Query syntax design
Context and Problem Statement
All libraries use their own query syntax for advanced search options. To increase usability, users should be able to formulate their (abstract) search queries in a query syntax that can be mapped to the library specific search queries. To achieve this, the query has to be parsed into an AST.
Which query syntax should be used for the abstract queries? Which features should the syntax support?
Considered Options
- Use a simplified syntax that is derived of the lucene query syntax
- Formulate a own query syntax
Decision Outcome
Chosen option: “Use a syntax that is derived of the lucene query syntax”, because only option that is already known, and easy to implement.
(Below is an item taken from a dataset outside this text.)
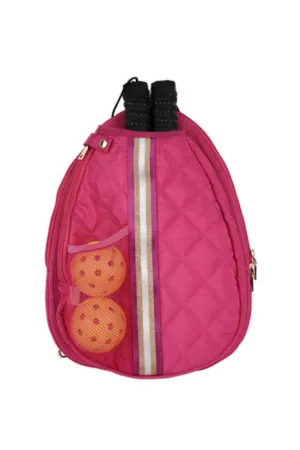 Pickle Ball Bag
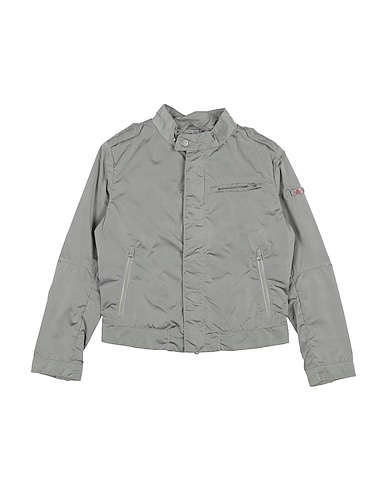 PEUTEREY Jacket 100% Polyamide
Furthermore parsers for lucene already exist and are tested. For simplicity, and lack of universal capabilities across fetchers, only basic query features and therefor syntax is supported:
- All terms in the query are whitespace separated and will be ANDed
- Default and certain fielded terms are supported
- Fielded Terms:
author
title
journal
year
(for single year)year-range
(for range e.g.year-range:2012-2015
)
- The
journal
,year
, andyear-range
fields should only be populated once in each query - The
year
andyear-range
fields are mutually exclusive - Example:
author:"Igor Steinmacher" author:"Christoph Treude" year:2017
will be converted toauthor:"Igor Steinmacher" AND author:"Christoph Treude" AND year:2017
The supported syntax can be expressed in EBNF as follows:
Query := {Clause}
Clause:= [Field] Term
Field := author: | title: | journal: | year: | year-range: | default:
Term := Word | Phrase \
Word can be derived to any series of non-whitespace characters. Phrases are multiple words wrapped in quotes and may contain white-space characters within the quotes.
Note: Even though this EBNF syntactically allows the creation of queries with year and year-range fields, such a query does not make sense semantically and therefore will not be executed.
Positive Consequences
- Already tested
- Well known
- Easy to implement
- Can use an existing parser
Pros and Cons of the Options
Use a syntax that is derived of the lucene query syntax
- Good, because already exists
- Good, because already well known
- Good, because there already exists a parser for lucene syntax
- Good, because capabilities of query conversion can easily be extended using the flexible lucene framework
Formulate a own query syntax
- Good, because allows for flexibility
- Bad, because needs a new parser (has to be decided whether to use ANTLR, JavaCC, or LogicNG)
- Bad, because has to be tested
- Bad, because syntax is not well known
- Bad, because the design should be easily extensible, requires an appropriate design (high effort)